=== Data ===
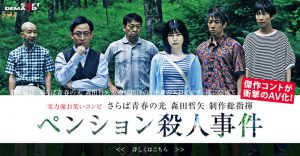 川村ゆい(川村唯,Kawamura-Yui)作品SDMU-968封面及内容剧情预览-集忧台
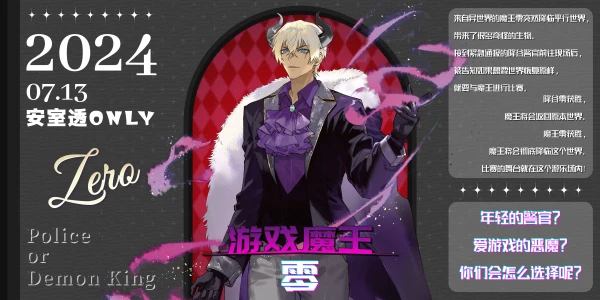 魔都安室透ONLY 2.0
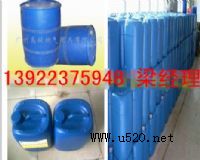 ���lȼ������ȼ�� ����ȼ�����ӄ�(�D)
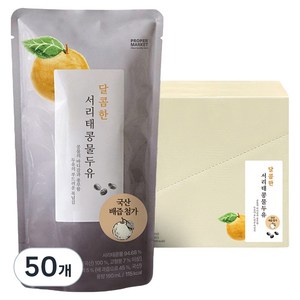프로퍼마켓 달콤한 서리태 콩물 두유, 190ml, 50개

=== Goal of the exercise ===
Without including any picture, set down the listing above exactly as it appears.

=== Task result ===
 川村ゆい(川村唯,Kawamura-Yui)作品SDMU-968封面及内容剧情预览-集忧台
 魔都安室透ONLY 2.0
 ���lȼ������ȼ�� ����ȼ�����ӄ�(�D)
프로퍼마켓 달콤한 서리태 콩물 두유, 190ml, 50개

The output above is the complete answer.